Triathletes (& runners, swimmers, any athlete) have the ability to be very hard on themselves. I understand this, because I am this person. I have learned over the years though, that I race and train best, when I am good to myself.

At Vineman I tried to take this to another level with racing - because honestly, racing is when I'm hardest on myself. It is easy during training to scrap a workout in order to keep from getting injured, or to remind yourself that it's ok the workout didn't go as planned because of course, that is in fact why it is called training! But come race day, I have historically been harder on myself than anyone. I train hard because when I toe the line, I expect 110% out of myself, and I have very high expectations. If that does not happen, it is nobody's fault but my own. And there is nothing wrong with expecting the most out of yourself. But the time this becomes counter-productive, is when athletes take those expectations and turn them into negativity during a race.

Thanks to Denis Carrier for this awesome racing illustration.

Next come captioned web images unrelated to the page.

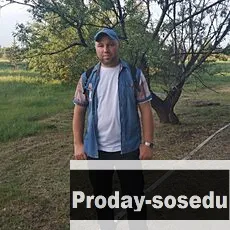Парень ищу девушку, Сергей, 38 лет, лев, Красноярск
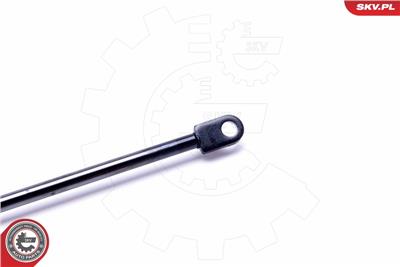 ESEN SKV 52SKV711 EAN: 5903968438210.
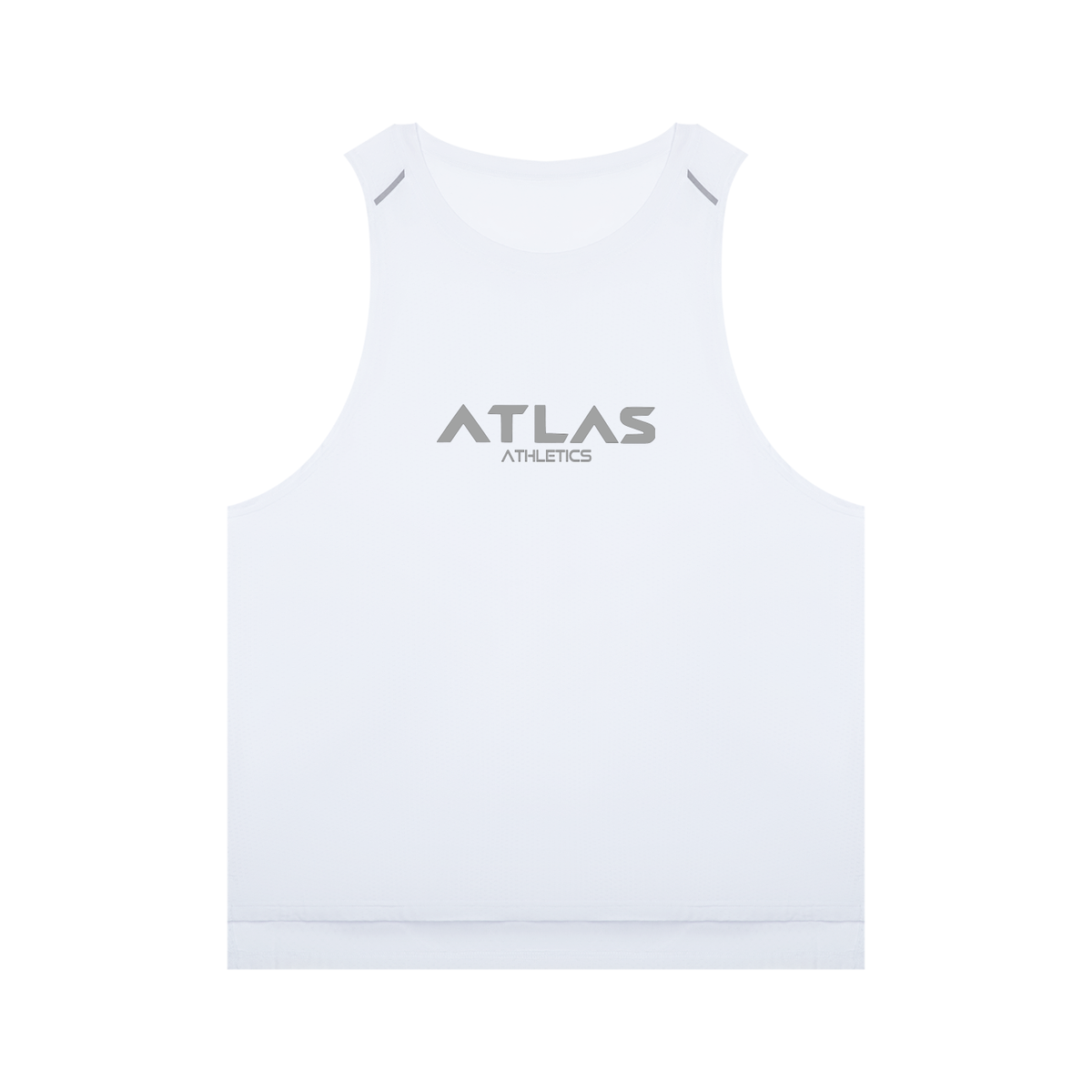 Men’s Performance Tank Top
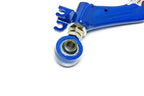 Hardrace Rear Camber Kit – Volkswagen Golf R / Volkswagen Golf GTI / Skoda Octavia (8658) – Default Title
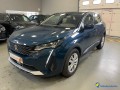 peugeot-3008-15bluehdi-130cv-de-2020-small-0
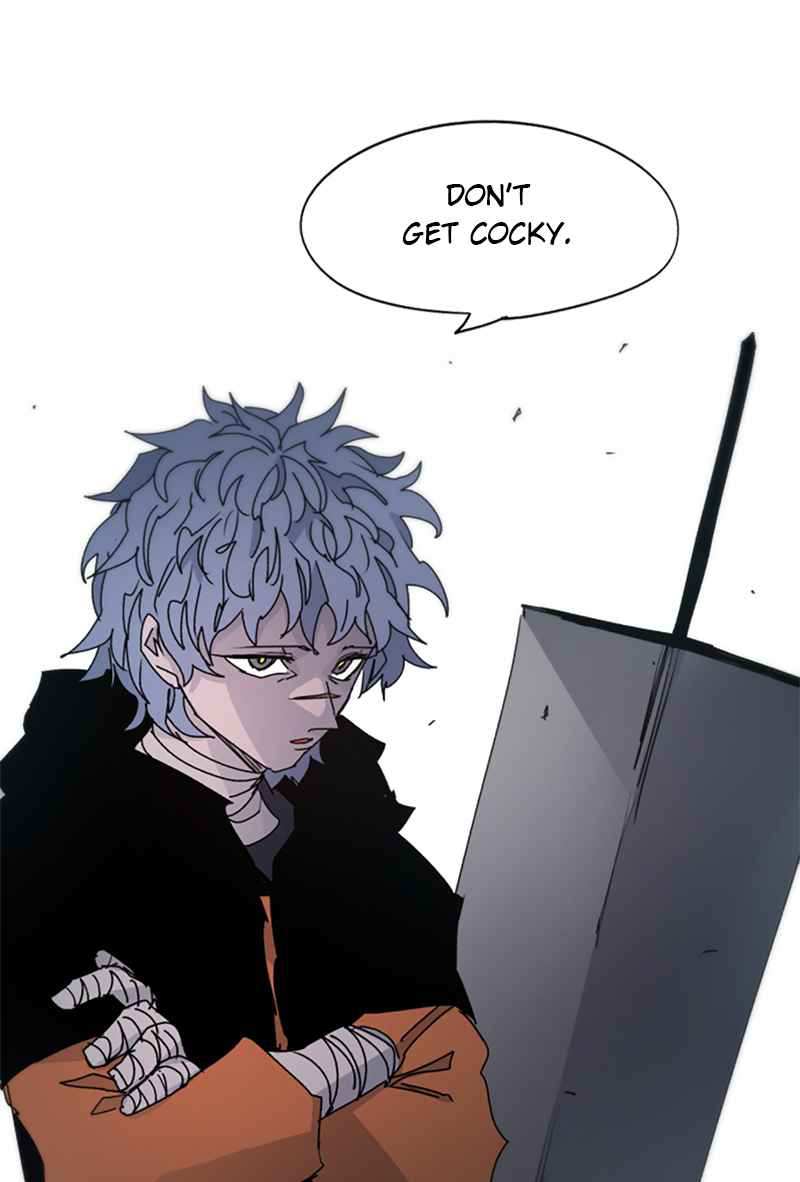 The Knight of Embers chapter 34 page 27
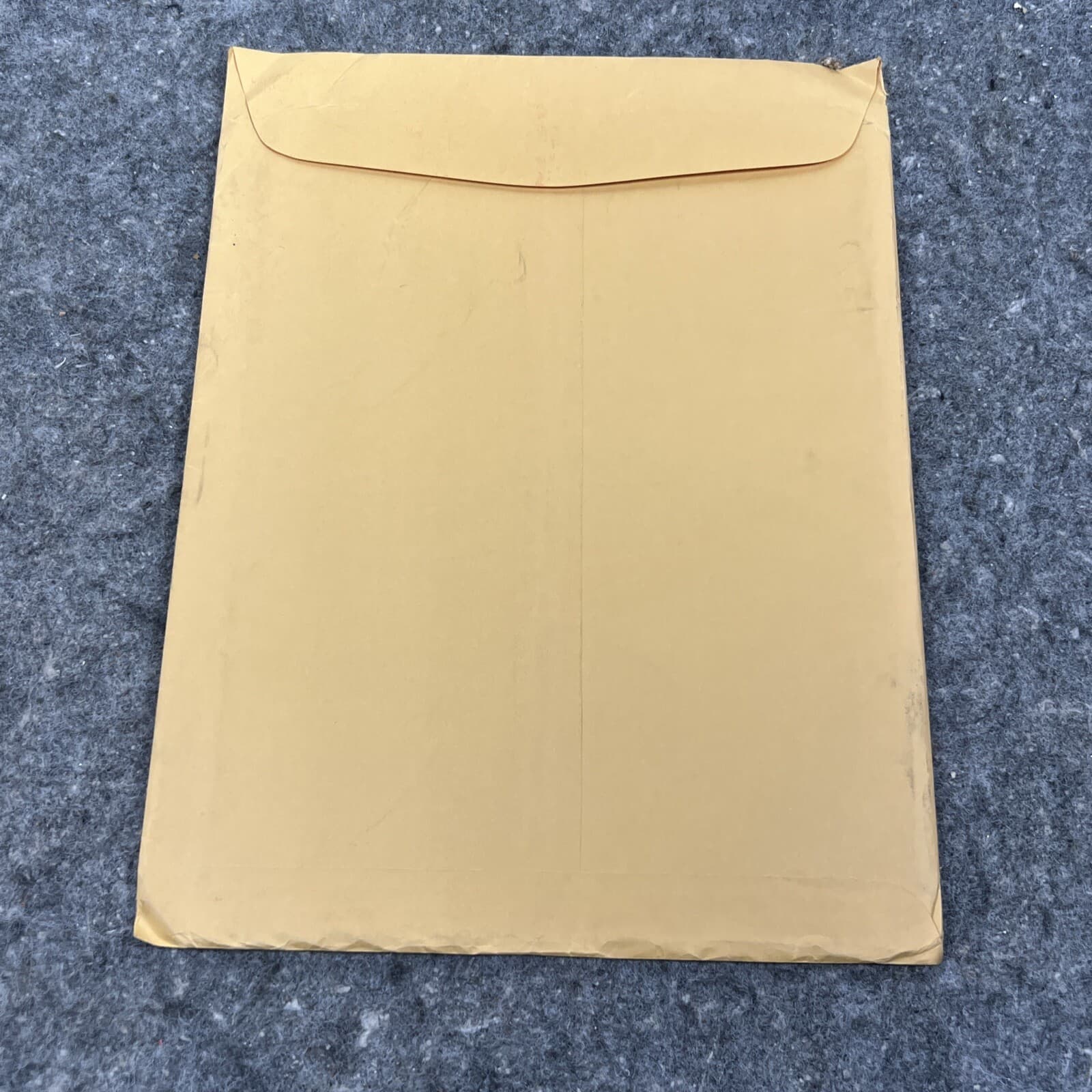 Nov 17 ,1972 The Chronicle of the Horse -"Ivanhoe" Vol XXXV #66 4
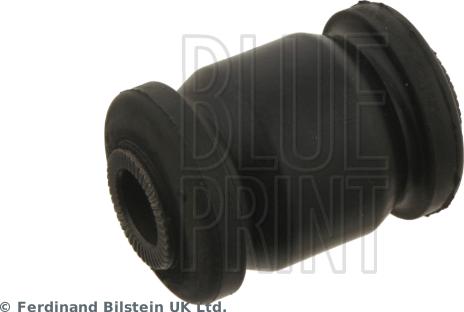 Blue Print ADT380213 - Сайлентблок, рычаг подвески колеса www.autospares.lv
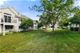 2270 Scott, Aurora, IL 60502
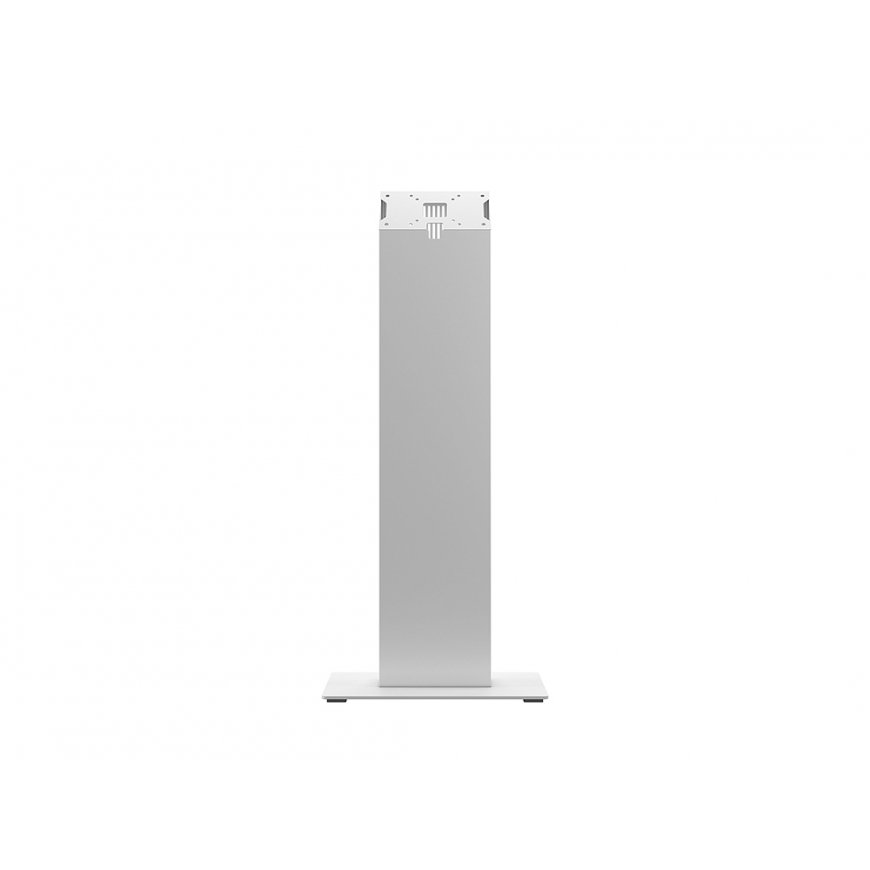 Multibrackets M Pro Series - Kiosk White 15-32" – 2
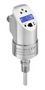 FLOW SWITCH, 100BAR, CURRENT/PNP, G1/2 DTT31-A1C111AE2CAB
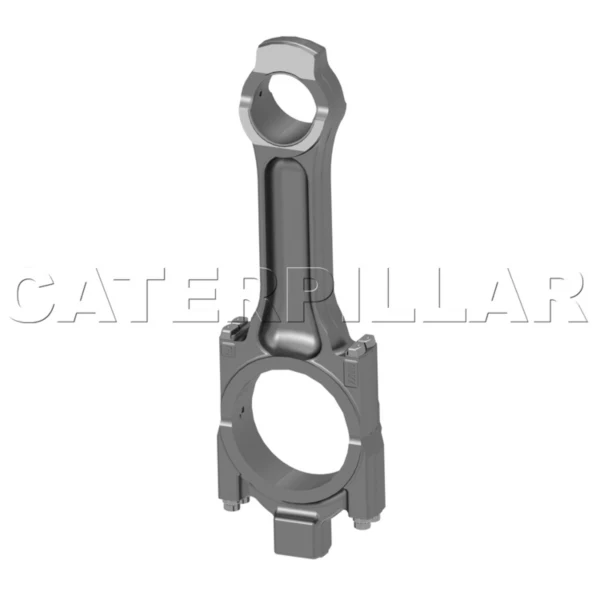 Biela Caterpillar 20R-7812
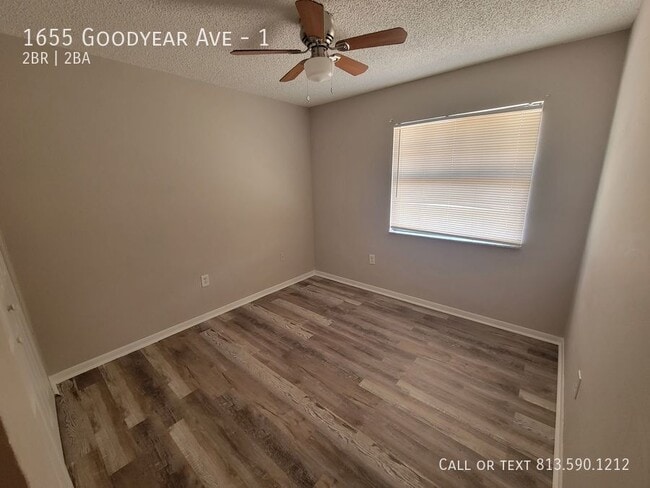 Photo - 1655 Goodyear Ave Unidad 1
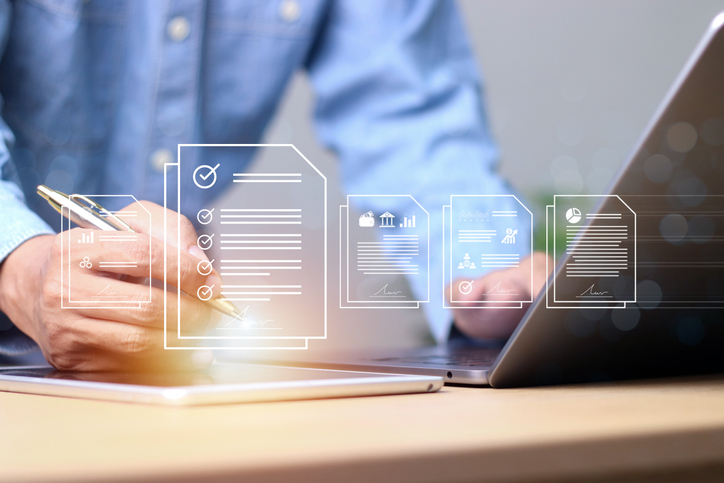 AGILEPM V3 – PRACTITIONER – COM CERTIFICAÇÃO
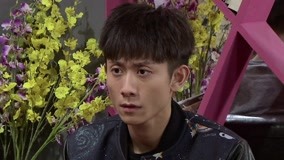 Tập 59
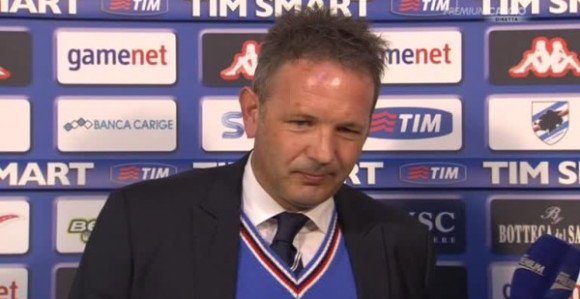 Konte u pismu Mihi: Dragi Siniša...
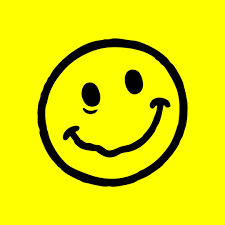 No Sad Days Coupons and Promo Code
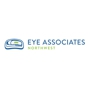 Eye Associates Northwest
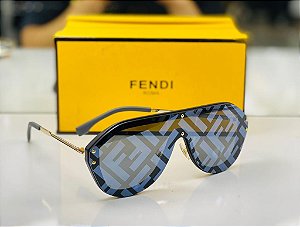 Óculos Fendi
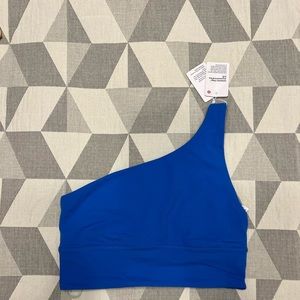 Lululemon Workout Bra NWT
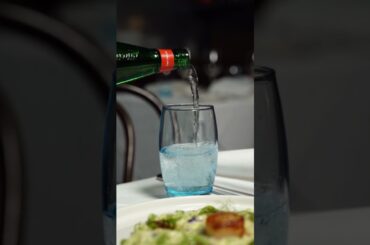 Ferrarelle, the leading Italian sparkling water is now available in Melbourne.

So at Vineman I did two things when I was racing - I actually smiled quite a bit (mostly because I love to race, but also I race very well when I'm happy.) And I constantly told myself "Be GOOD to yourself!" Anytime something went wrong, or I started to fall off the pace, or my legs started hating me, I repeated this. And rather than feeling like I was beating myself up (because let's be honest, racing as hard as you can for 4.5 hours isn't exactly a spa day...) throughout the race I really felt like I was taking care of myself rather than beating myself up. It's a huge difference. 

So next time you are racing and think, "Oh come on, your grandma could run faster than this right now, pick it up!" Which honestly, would you ever say that to one of your friends? (Well - I might say that to a few of them jokingly, but never seriously.) Instead - be GOOD to yourself. I think you will find it makes a huge difference in your mental racing state. At least for me it does.